Data provided Block Start
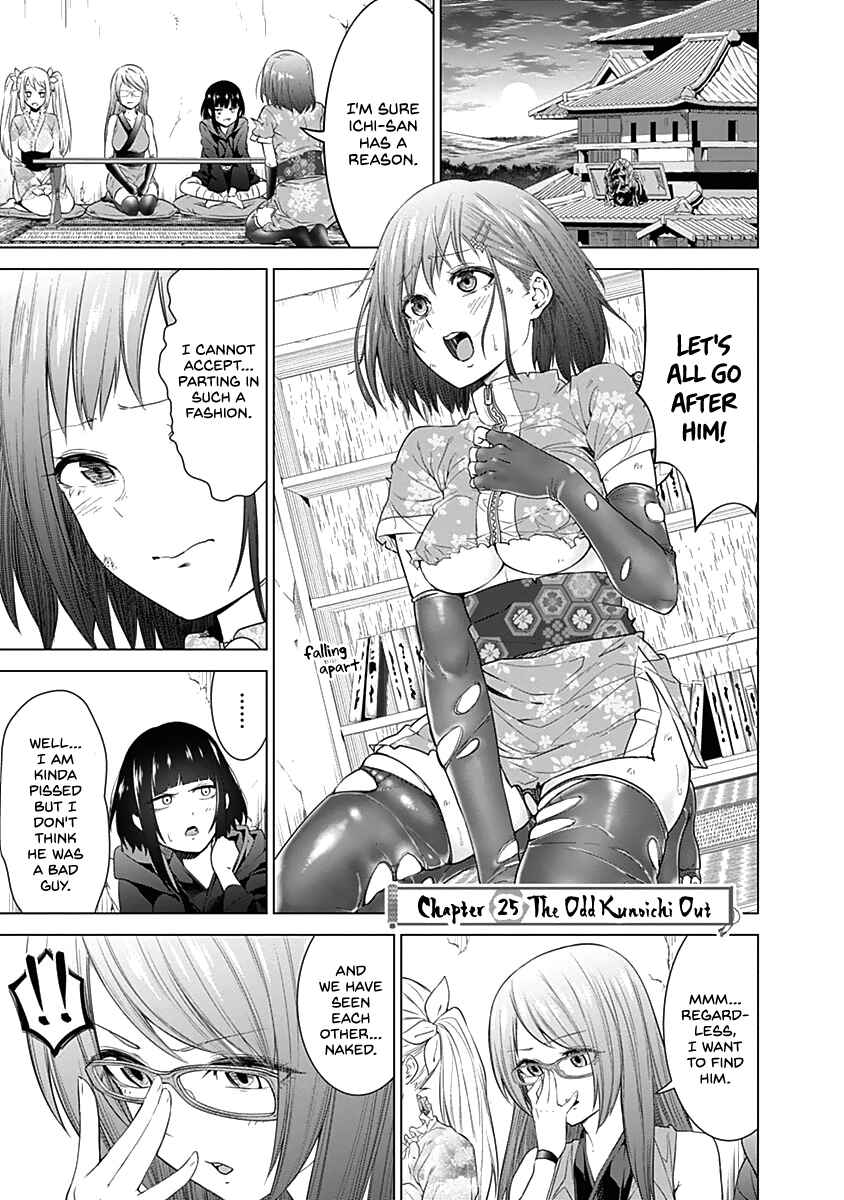 Page 3 Chapter 25 Kunoichi no Ichi!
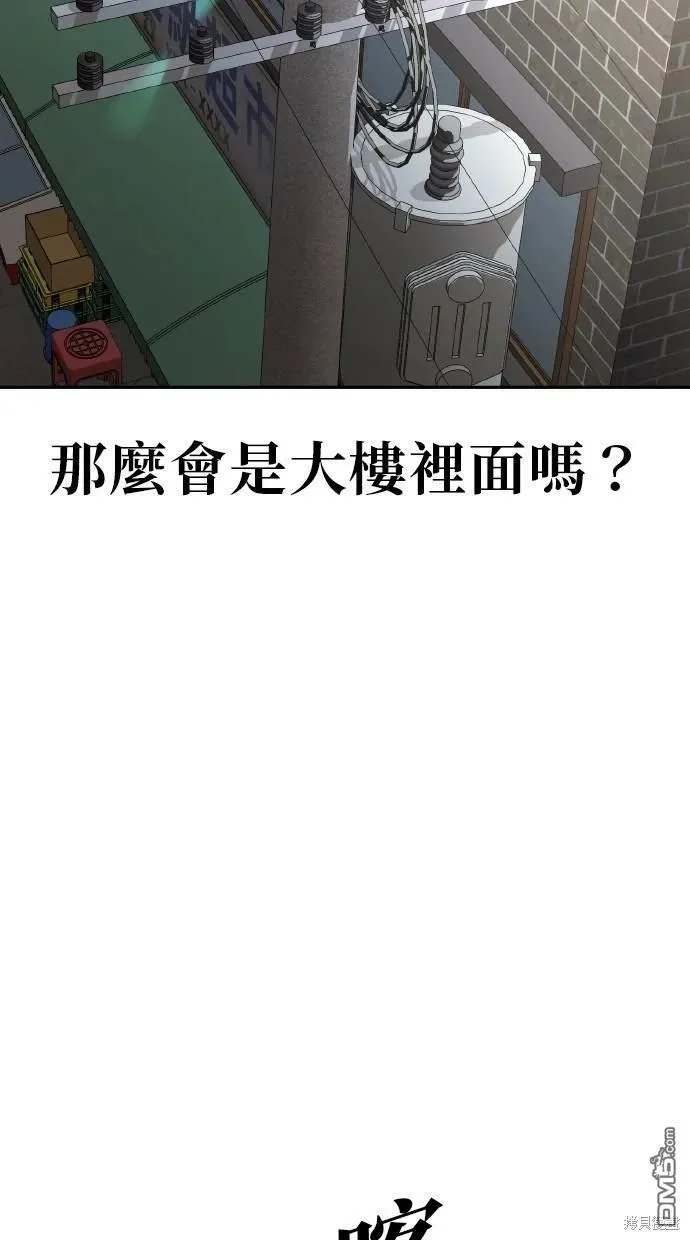 第6话 第17页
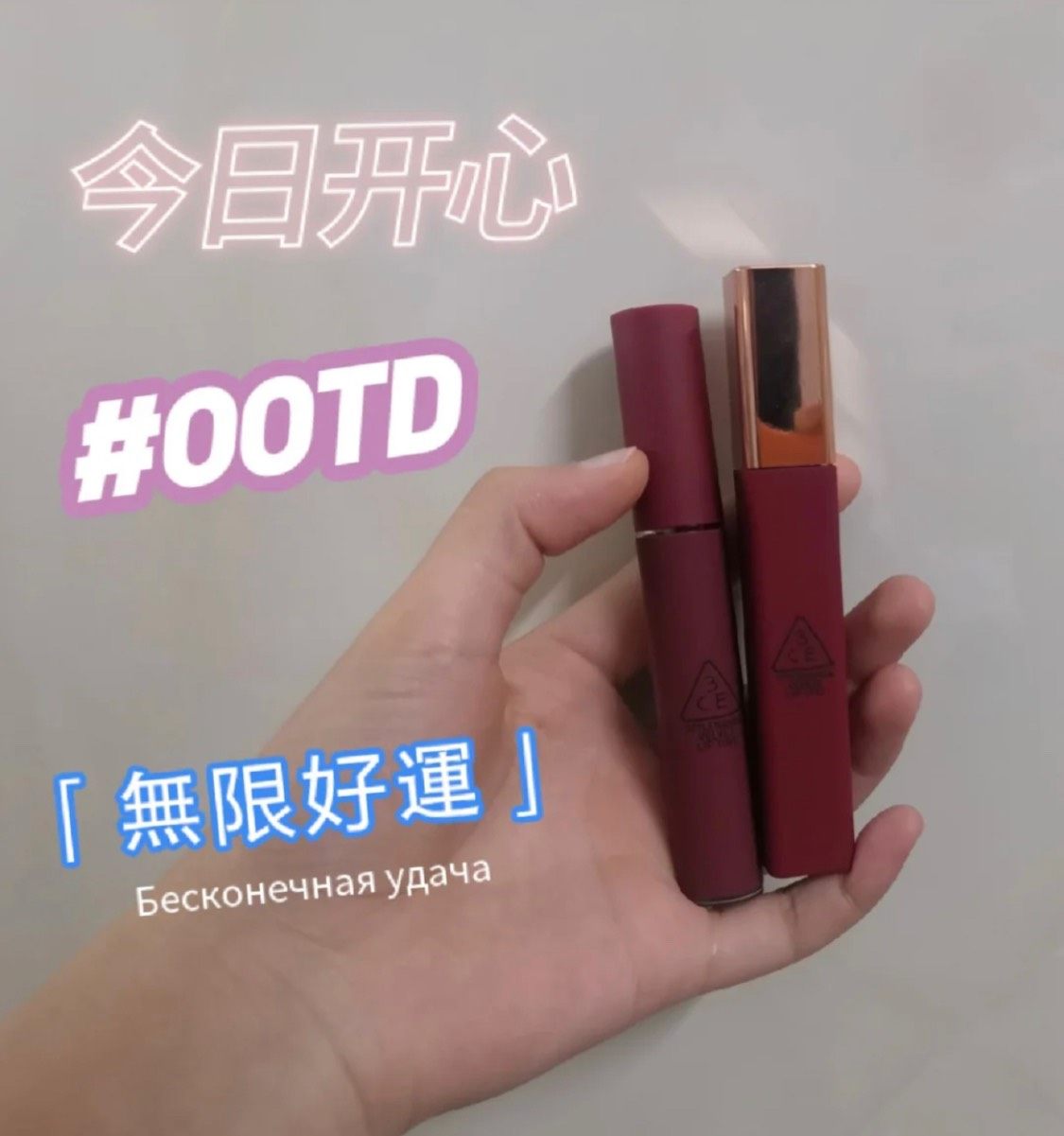 【新春晒单挑战唇釉篇】 今天想说说3ce的唇釉，之后海淘打折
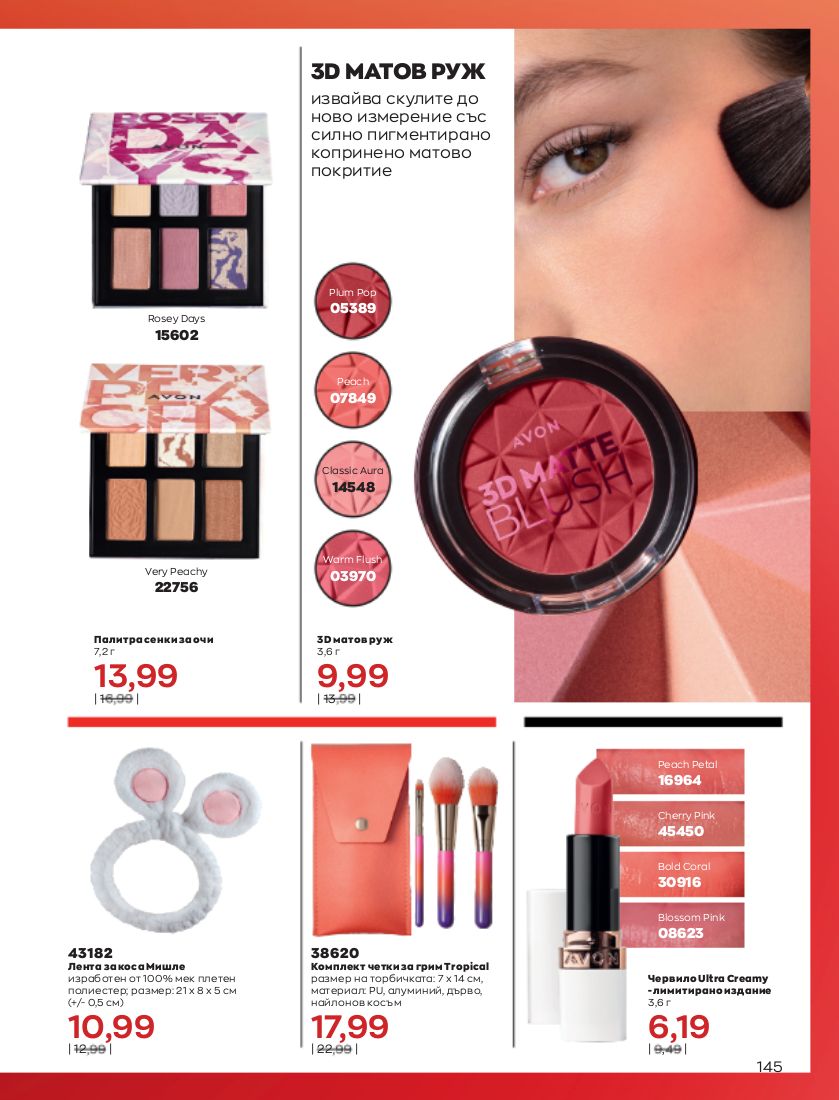 каталог Avon 01.02.2023 - 28.02.2023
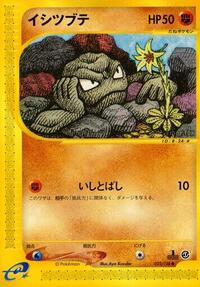 Geodude (022/128) [Base Expansion Pack]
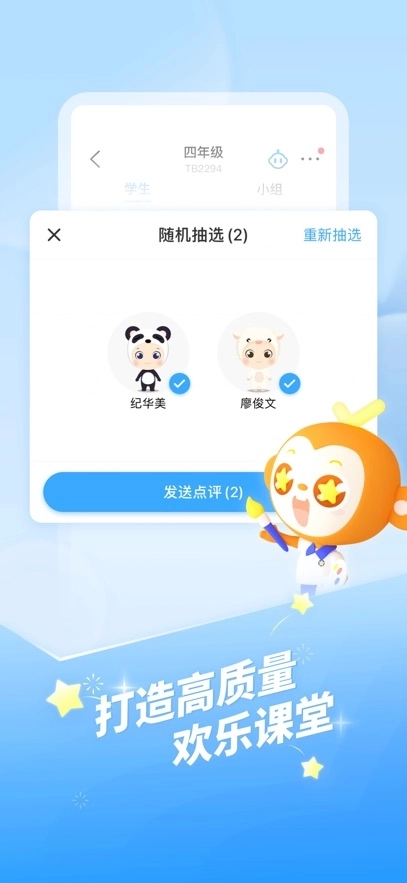 班级优化大师截图1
Data provided Block End
● **Work task**
The copy you produce must hold all the records above exactly and none of their pictures.

● **Task result**
 Page 3 Chapter 25 Kunoichi no Ichi!
 第6话 第17页
 【新春晒单挑战唇釉篇】 今天想说说3ce的唇釉，之后海淘打折
 каталог Avon 01.02.2023 - 28.02.2023
 Geodude (022/128) [Base Expansion Pack]
 班级优化大师截图1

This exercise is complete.